🤖 AI Summary
This work proposes Uni-ASR, a unified large language model (LLM)-driven end-to-end automatic speech recognition (ASR) architecture that simultaneously supports both non-streaming and streaming modes within a single model without architectural modifications. Existing LLM-based ASR systems often require separate designs for each mode and struggle with deployment in low-latency streaming scenarios. Uni-ASR addresses this limitation through joint training and introduces two key innovations: context-aware training and a zero-latency-cost cooperative fallback decoding mechanism, which together significantly enhance streaming recognition accuracy. Experimental results demonstrate that Uni-ASR achieves state-of-the-art performance in non-streaming settings and consistently outperforms existing methods across various streaming conditions under diverse latency constraints.
📝 Abstract
Although the deep integration of the Automatic Speech Recognition (ASR) system with Large Language Models (LLMs) has significantly improved accuracy, the deployment of such systems in low-latency streaming scenarios remains challenging.

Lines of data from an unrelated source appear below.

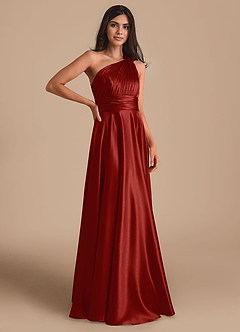 Azazie Charlize Bridesmaid Dresses Rust A-Line One Shoulder Metallic Satin Dress image3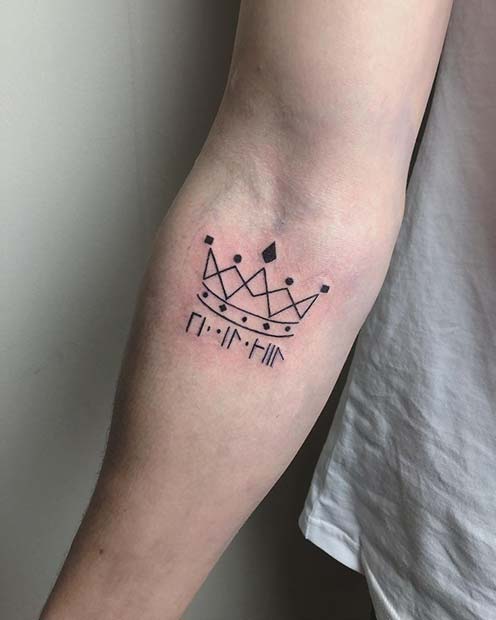 Unique Crown Tattoo Idea with Runes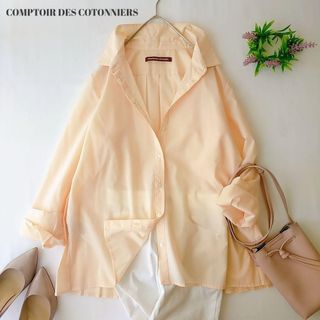 コントワーデコトニエ(Comptoir des cotonniers)のコントワーデコトニエ　☆超美品　サーモンピンク　長袖シアーシャツ　ゆったり(シャツ/ブラウス(長袖/七分))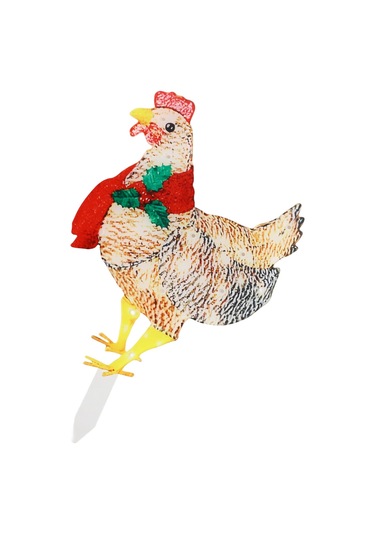 Geeroyoo Plastik Noel Tavuk Işıklı Dekorasyon, Su Geçirmez Bahçe Çimenlik Zemin Aydınlatması, Yeniden Kullanılabilir Bahçe Sanatı Dekoru Pil Dahil Değil Diğer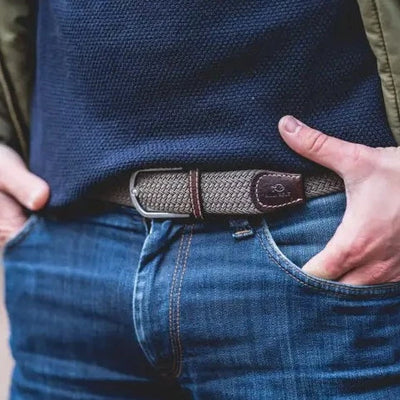 Taupe Beige Woven Elastic Belt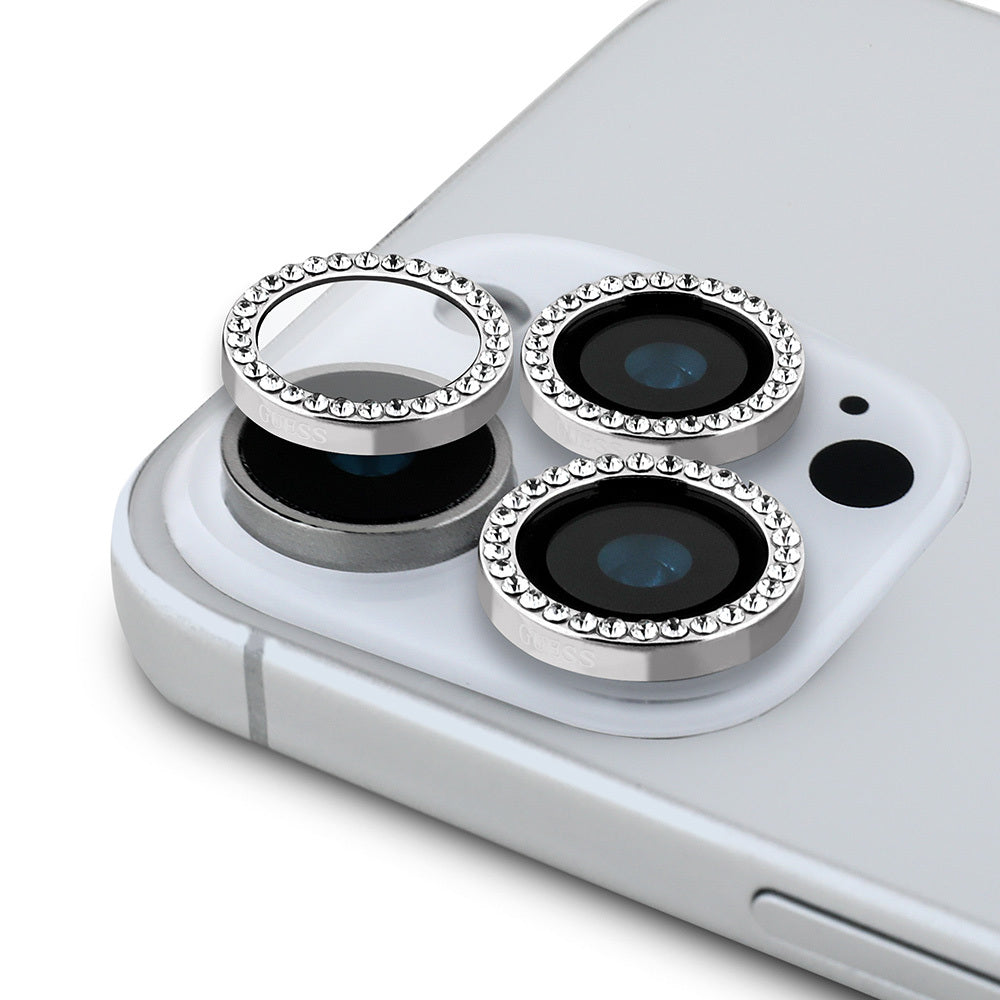 Apple iPhone 15 Pro Guess Orjinal Lisanslı Rhinestone Taşlı Lens Koruyucu
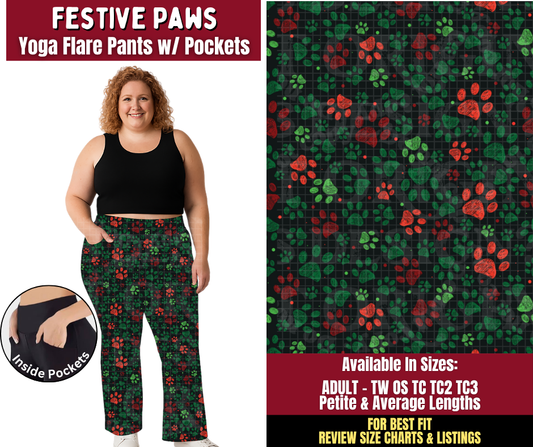 Preorder! Closes 8/24. ETA Nov. Festive Paws Yoga Flare Pants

In this paper, we propose Uni-ASR, a unified framework based on LLMs that integrates both non-streaming and streaming speech recognition capabilities. We propose a joint training paradigm that enables the system to seamlessly transition between two recognition modes without any architectural modifications. Furthermore, we introduce a context-aware training paradigm and a co-designed fallback decoding strategy, which can enhance streaming recognition accuracy without introducing additional latency. The experimental results demonstrate that Uni-ASR not only achieves competitive performance within non-streaming mode, but also demonstrates strong effectiveness in streaming scenarios under diverse latency constraints.